Insecurity is especially terrible when backed with the power to show who’s boss. The September 11, 2001 terrorist attacks did not bring the U.S. to its knees, nor were they intended to. But the attacks on New York City and Washington, D.C. that year shook American confidence so thoroughly that they brought out a thirst for vengeance that overtook our ethics. We acceded to our leaders working “the dark side,” as Vice President Dick Cheney put it days later.
What followed were a string of atrocities that, I maintain, mean former “history’s actors” among the George W. Bush inner circle can no longer travel abroad. Extraordinary rendition, “enhanced interrogation,” CIA black sites, prisoners beaten to death at the “Salt Pit,” and prisoner abuse and torture at Abu Ghraib mean international travel could, in theory, end in The Hague.
Insecurity alloyed with vengeance can lead to very dark places. And here we are, on the anniversary of the 1989 Tiananmen Square Massacre with military troops and equipment deployed to the streets of our own capitol city. They were ordered there by a president so insecure(How insecure is he?) that he felt the need to brag about his penis size during a presidential debate.
Trump is so insecure that he was mortified by reports he’d been hustled to an underground bunker when civil rights protesters gathered too close to the White House last Friday.
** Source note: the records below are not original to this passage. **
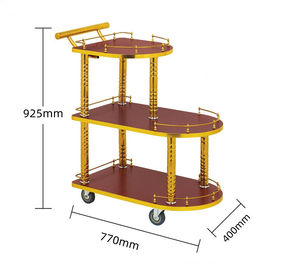 Luxury Liquor Trolley Royal Hand Dessert <strong>Cart</strong> 3 Tier Titanium <strong>Wooden</strong> European Four Wheels Hotel Restaurant Gold Hotel Furniture - Product Image 2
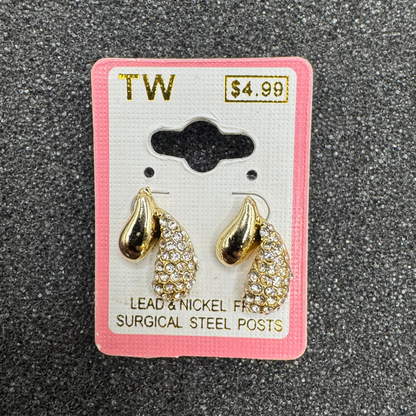 Double Teardrop Crystal Stud Earrings – Rose Gold, Gold, or Silver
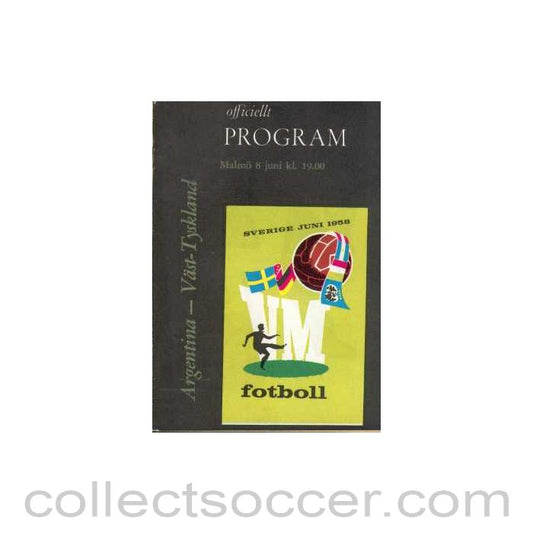 1958 World Cup Programme Germany V Argentina Programme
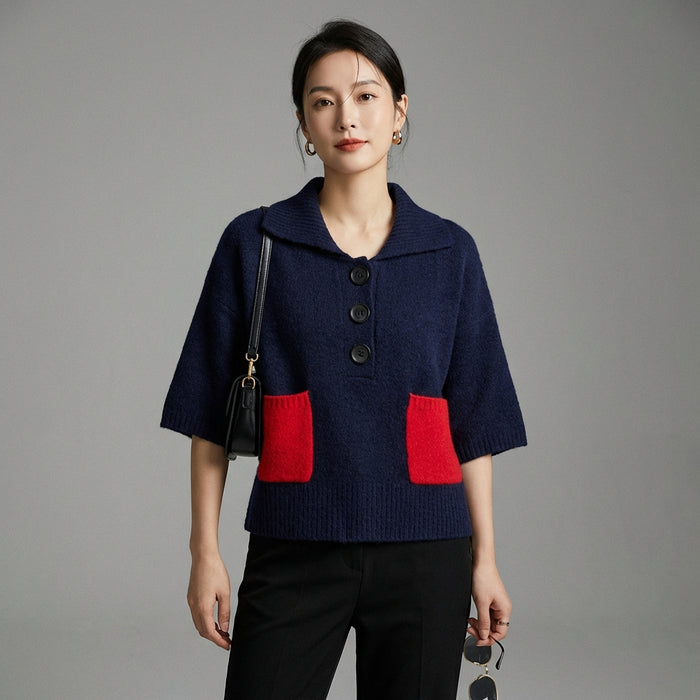 Pull tricoté bleu marine col polo poche contrastée K-fashion - Taille S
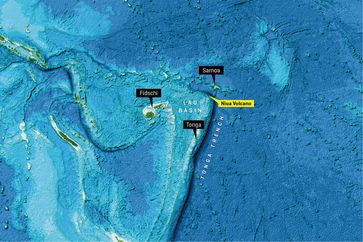 Das Hydrothermalfeld am Niua-South-Vulkan liegt im Lau-Becken zwischen Fidschi und Samoa.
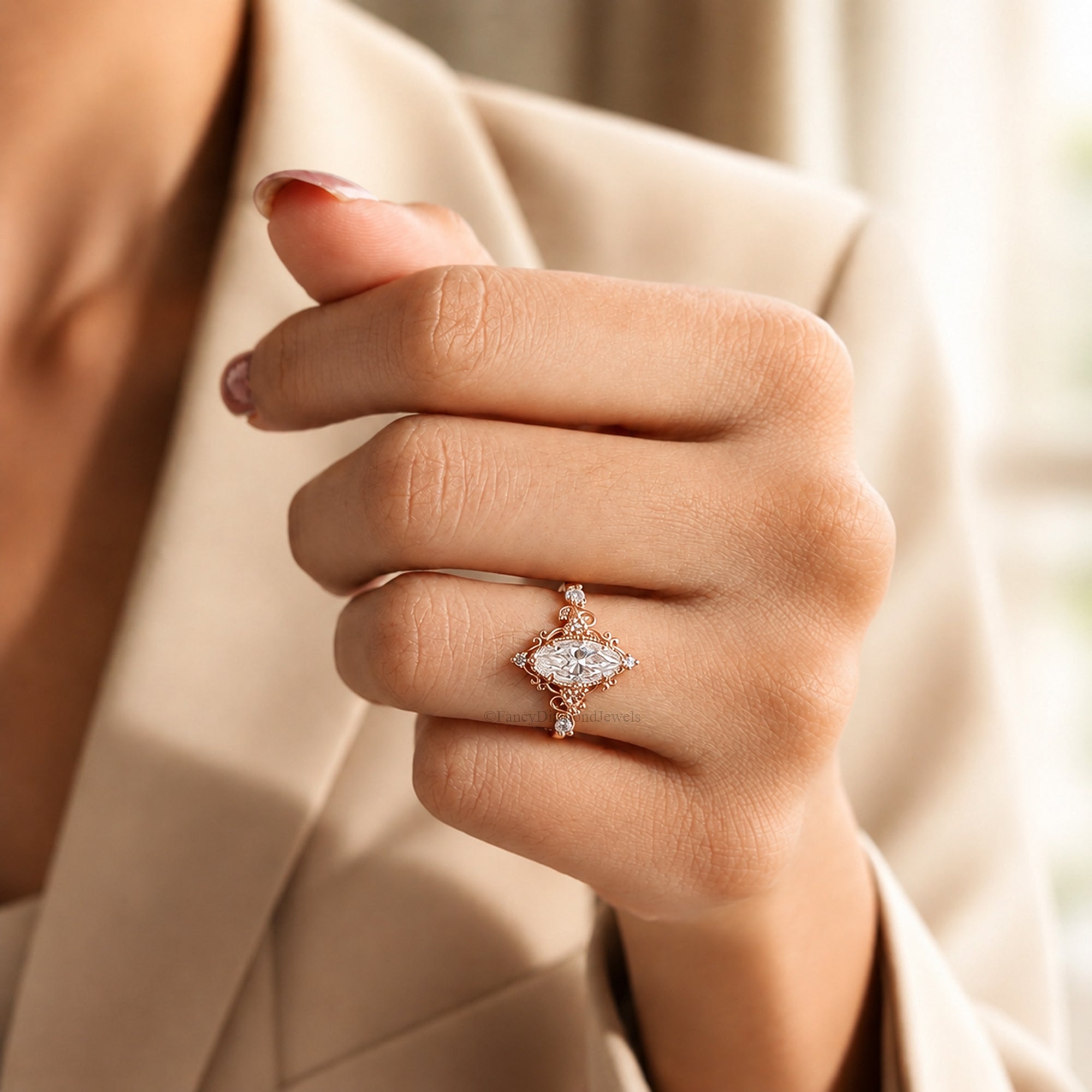 Floral Marquise Cut Moissanite Elegant Ring Nature Inspire Art Deco Engagement Ring in 14K Solid Yellow Gold Ring Unique Bridal Gift FD583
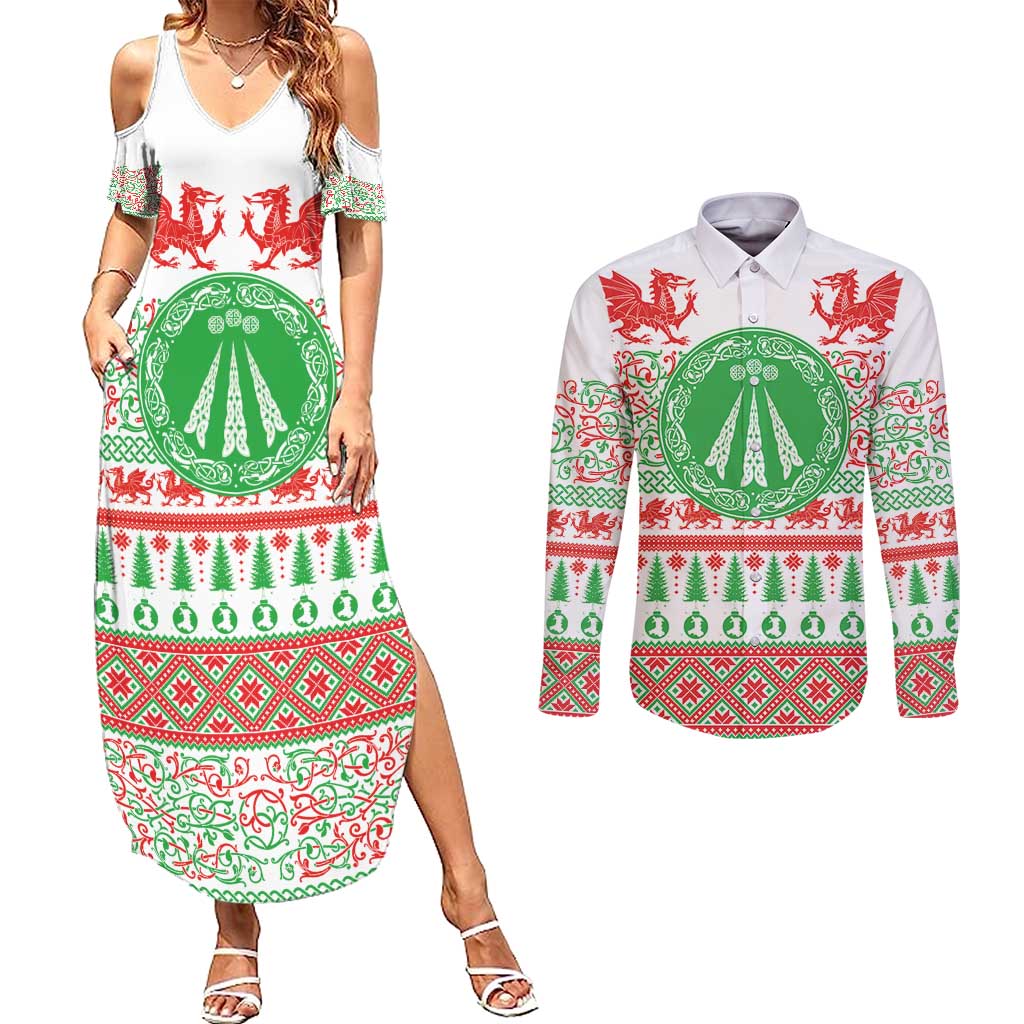 Welsh Christmas Couples Matching Summer Maxi Dress and Long Sleeve Button Shirt Awen and Celtics Culture with Xmas Elements - Wonder Print Shop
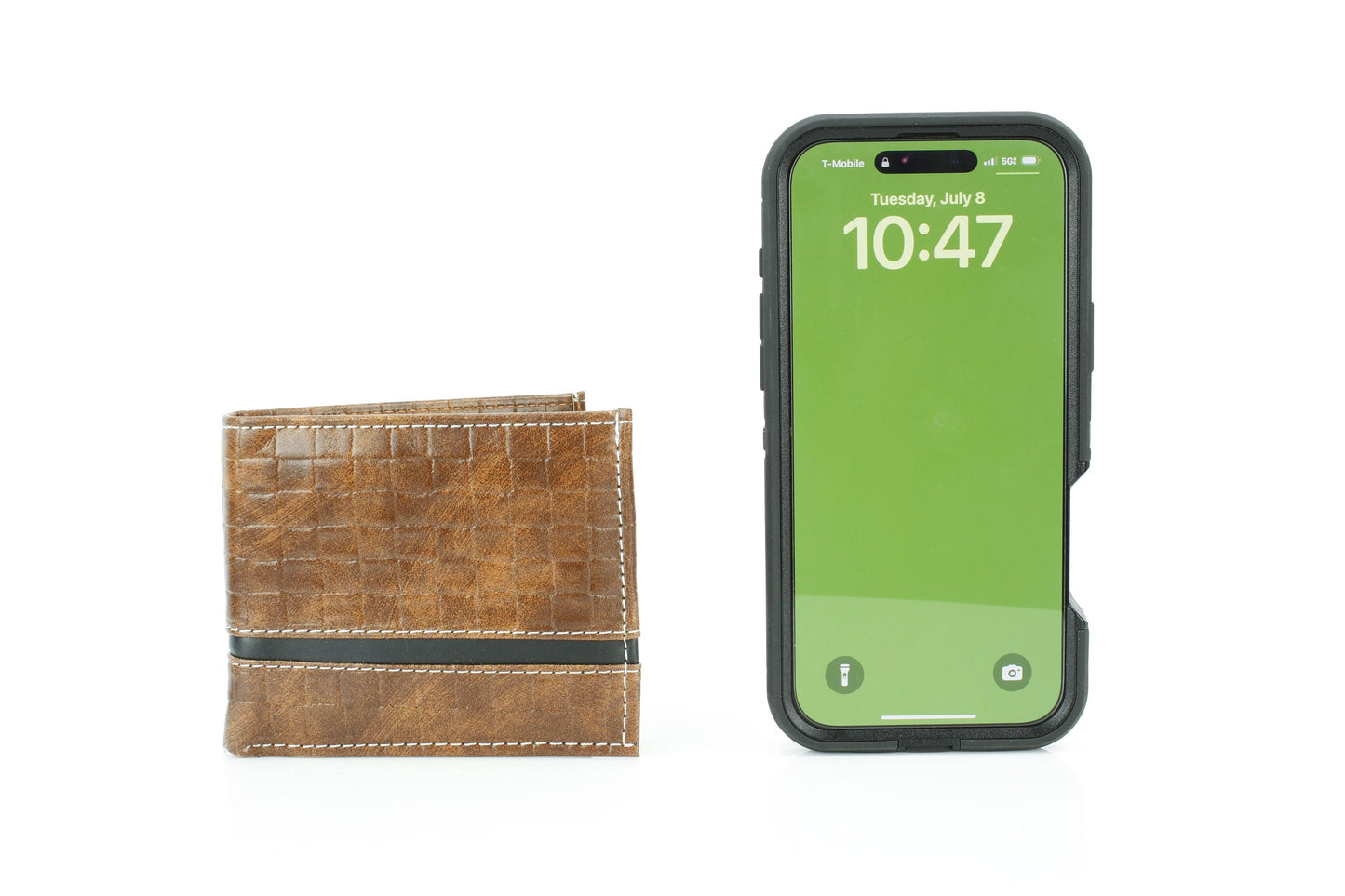 Vegan Bifold Wallet with Basket Weave Pattern VL 905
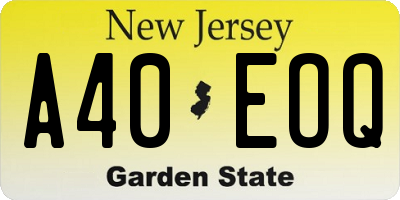 NJ license plate A40EOQ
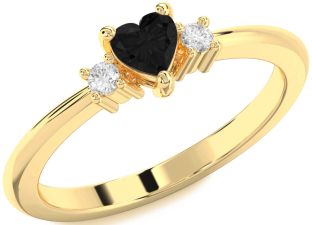 Diamond Amethyst Gold Heart Three Stone Engagement Ring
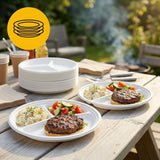 Plastic borden 3-vaks 22cm – 100 stuks wegwerpborden horeca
So, days later Trump threatened to invoke the 1807 Insurrection Act to quell peaceful protests (punctuated here and there by vandalism and looting). Attorney General William Barr ordered protesters across from the White House dispersed with tear gas, flash bangs, and rubber bullets so Trump could walk outside for a glamour shot in front of a historic church posing with a Bible.
Trump is so insecure that he swears he was only in the bunker to inspect it. He’s so insecure that he’s deployed an alphabet soup of law enforcement agencies to Washington, D.C. to show citizens exercising their free speech rights that Donald J. Trump is not to be trifled with.
Trump (or someone in his orbit) ordered military helicopters to fly low over the city to scatter protesters with rotor downwash the way commanders might disperse insurgents in Falluja. The Daily Beast reports Trump in one conversation inquired about bringing in tanks to “dominate” the streets. Perhaps he recalls how the Chinese government reacted to protesters in 1989.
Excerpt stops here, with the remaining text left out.